Sunday, June 4, 2017

Primary Growth Partnership Research, should be made available to me?

I don't know the ins and outs of how all this works, but I do know that the money the government puts into a venture is money we give them as taxes, so in theory, this is an investment on our behalf.

I also know that as a shareholder of the Alliance Group (“Alliance”) any money the company contributes to a partnership programme should  be an investment on behalf of its shareholders.

Assuming this logic is correct, you would expect any venture entered into by the Government and Alliance and a private company called Headwaters (“the Venture”), would be done on my behalf, firstly as a taxpayer and secondly as an Alliance shareholder. 

Headwaters is a composite ram breeding operation, that presumably provides animals, property, and man hours as its share of the Venture. The Government's primary contribution is money.  Alliance, I believe, apart from providing killing facilities and data,  pays something like 20 cents per kilogram premium ( over and above what the rest of its shareholders get) for lambs killed through the Venture.  I understand this premium payment has been paid for many years now.

Recently Alliance publicly lauded the launching of a new brand of lamb produced by the Venture.  Apparently, this is fantastic tasting lamb with intramuscular fat, omega 3 etc.  I have requested more than once to see the research, data and findings of the Venture only to be fobbed off. 

I even had the Alliance chief executive David Surveyor come and visit me, primarily because of an invoice I sent to them for the additional costs associated with having to sell my heavy weight lambs through the Temuka sale yards.  As most shareholders would know you would get more money through the yards than killing them through Alliance as lambs over 23 kg were heavily penalised.

I considered this inequitable and ridiculous given that these same lambs were bought from the sale yard and then killed by meat companies, including Alliance. Alliance never paid my invoice, but to their credit (upon receiving the invoice), changed the policy so that loyal shareholders would not be penalised if a small percentage of lambs from a line killed were over this weight.    I have been advised recently that non-shareholders, through third party buyers, have also been getting the benefit of this change.

I appreciated Mr Surveyor coming to see me, but again it was made clear that the results, data, workings and findings of the Venture would not be made available to me.  

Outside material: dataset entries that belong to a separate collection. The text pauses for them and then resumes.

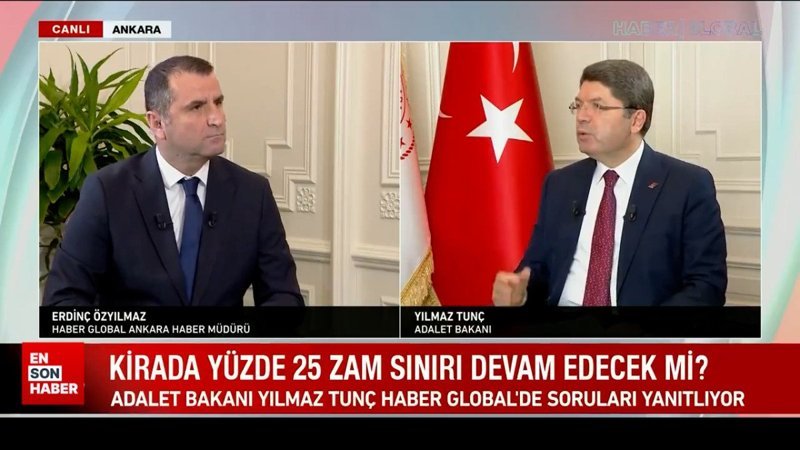 Yılmaz Tunç: Kira artışında yüzde 25 sınırı Meclis'in takdirinde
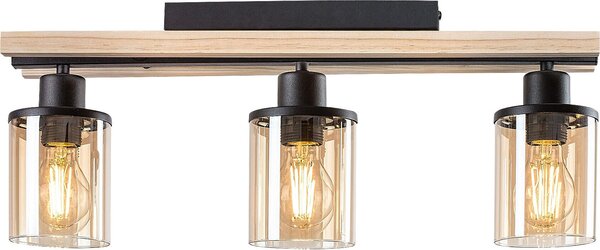 Lampada da soffitto E27 3x25W colore nero 71083 Niylah Rabalux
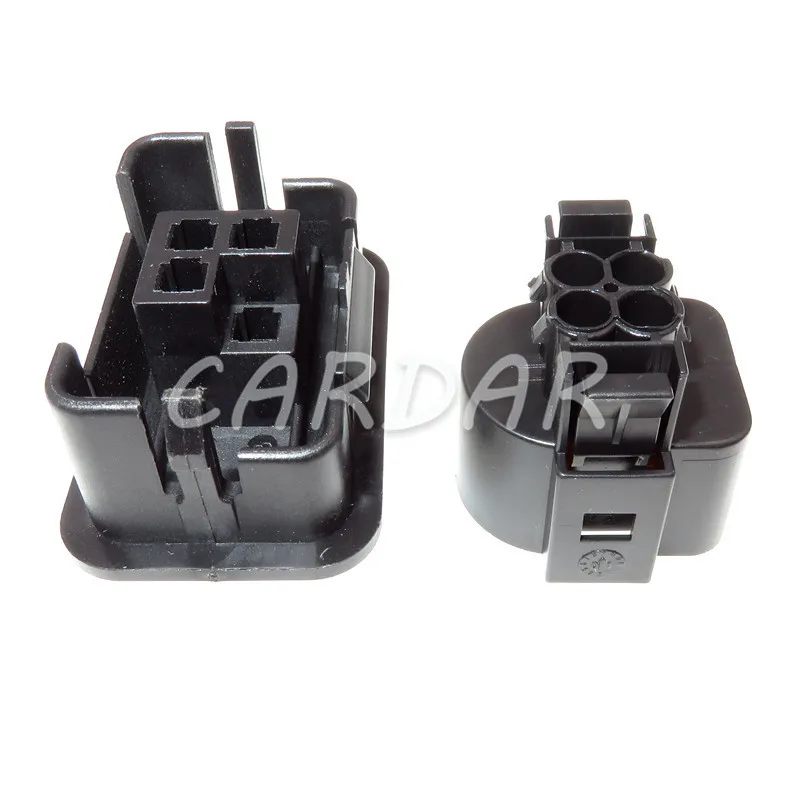 1 Set 4 Pin 1H0973734 Auto Car Light Lamp Sockets AC Assembly Automotive Connector 1H0 973 734 For Audi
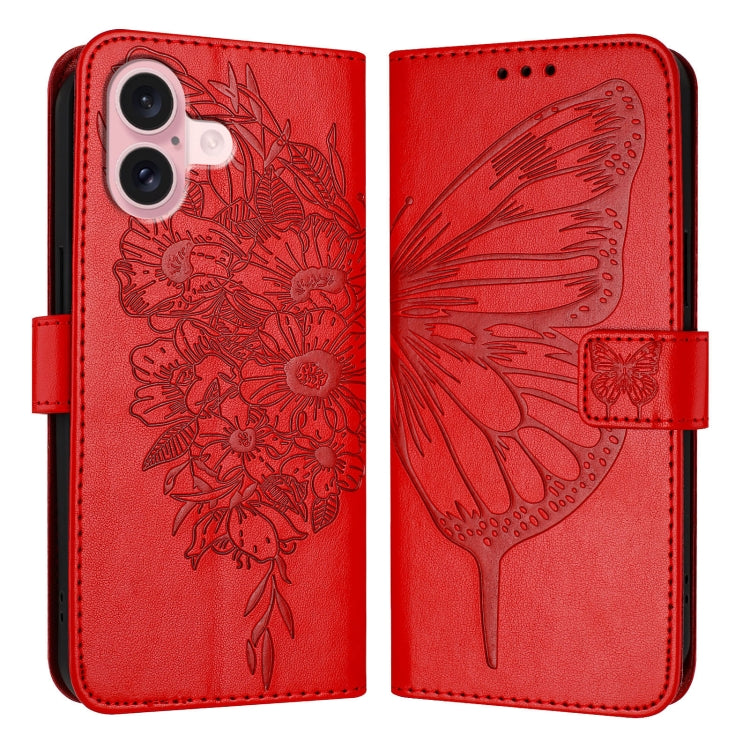 Embossed Butterfly Leather Phone Case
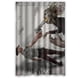 thumbnail image 1 of Cortina de ducha de The Walking Dead con dibujos animados y ganchos, tamaño 91 x 183 cm, 1 of 3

Anecdotally, I understand that they have found that grazing lambs on chicory for the last month before killing, has a positive and significant impact on the quality and taste of the lamb.  I also believe that from a genetic standpoint, no advancement or breakthrough has been made and if there is anything worth pursuing that it’s not unique to the Venture but is common to many if not all other breeds of sheep in New Zealand.

My point is that everything from the Venture should be readily available to me, firstly as a tax payer and secondly as an Alliance shareholder.  It would stop me guessing and if there are significant developments then it can benefit all of us. 


It seems to me the only organisation standing to gain significantly from the launching of this new brand of lamb, and the research and findings, apart from procurement of lambs for Alliance, is Headwaters.